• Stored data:

.....

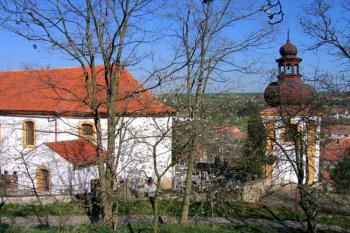 Kostel sv. Vojtěcha ve Slatině se zvonicí ( © Pavel Vítek 04/2007)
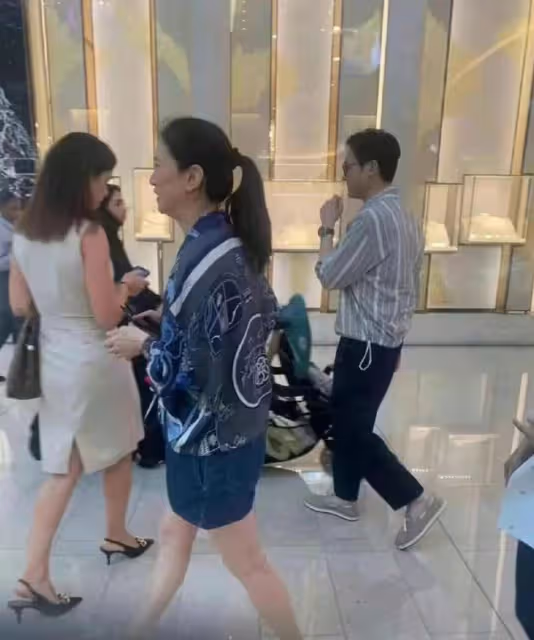 杜拜偶遇張智霖袁詠儀,與粉絲聊天笑容滿面,張智霖儀態遭吐槽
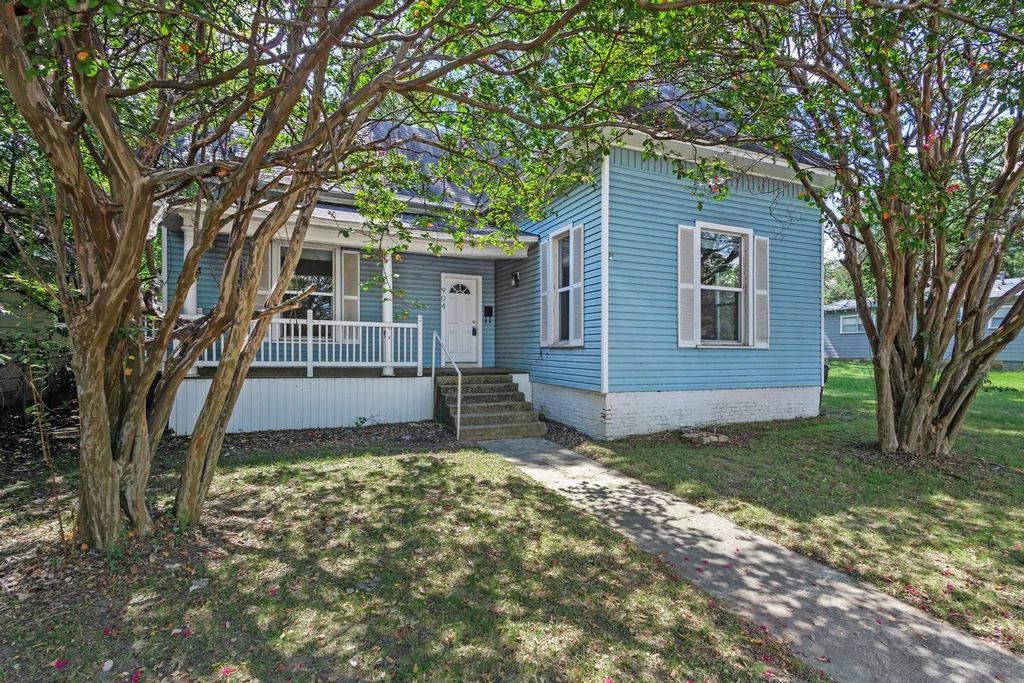 904 W Shepherd, Denison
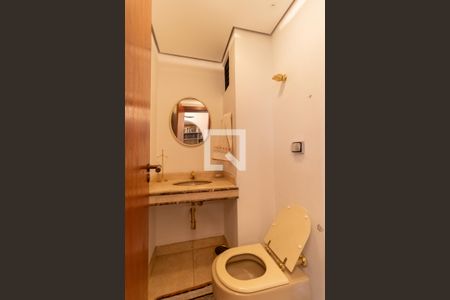 Apartamento à venda com 198m², 3 quartos e 4 vagas Apartamento à venda com 198m², 3 quartos e 4 vagasLavabo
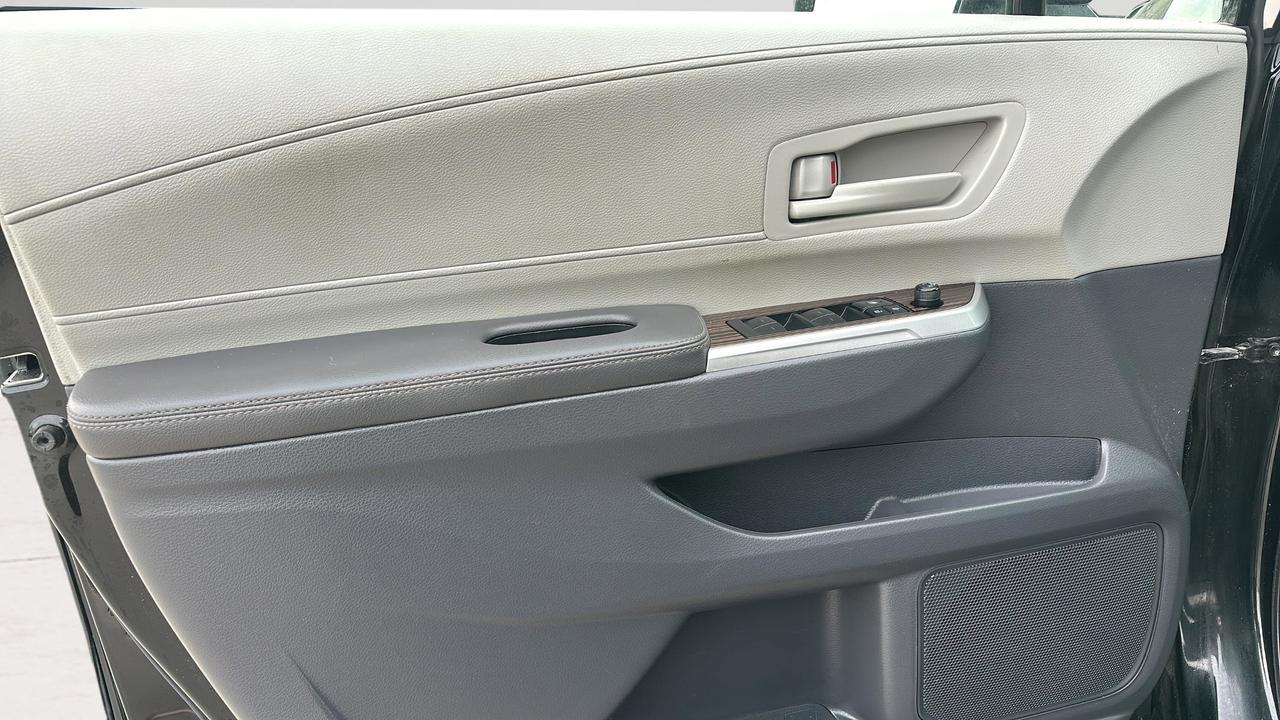 2022 Toyota Sienna  Photo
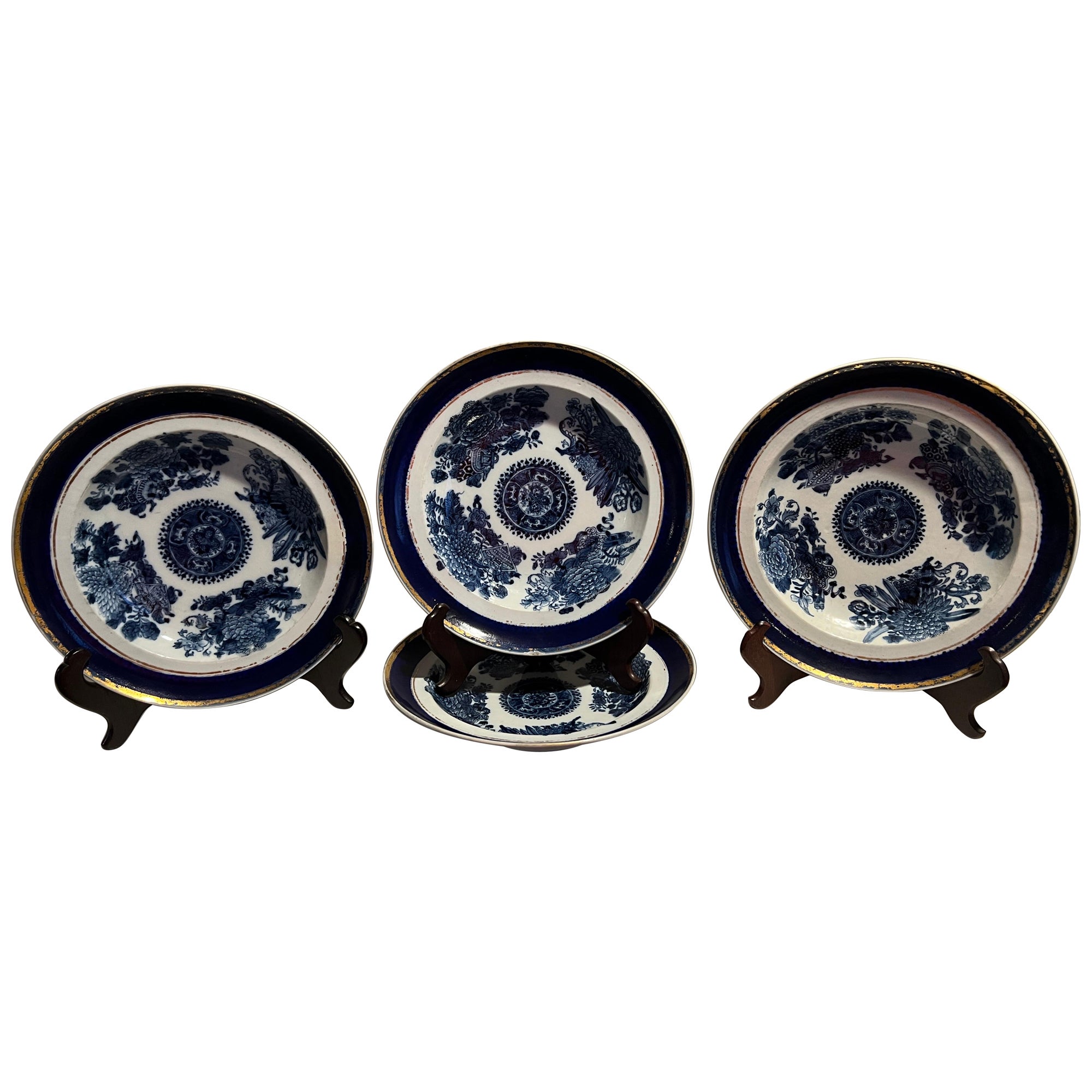 Lot de 4 assiettes plates en porcelaine d'exportation chinoise à motif Fitzhugh bleu et blanc en vente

.....

• Your task: No pictures should appear in the copy. Reproduce exactly the lines from the line containing "杜拜偶遇張智霖袁詠儀,與粉絲聊天笑容滿面,張智霖儀態遭吐槽" through the last line of the data, inclusive.

• Exercise result:
 杜拜偶遇張智霖袁詠儀,與粉絲聊天笑容滿面,張智霖儀態遭吐槽
 904 W Shepherd, Denison
 Apartamento à venda com 198m², 3 quartos e 4 vagas Apartamento à venda com 198m², 3 quartos e 4 vagasLavabo
 2022 Toyota Sienna  Photo
 Lot de 4 assiettes plates en porcelaine d'exportation chinoise à motif Fitzhugh bleu et blanc en vente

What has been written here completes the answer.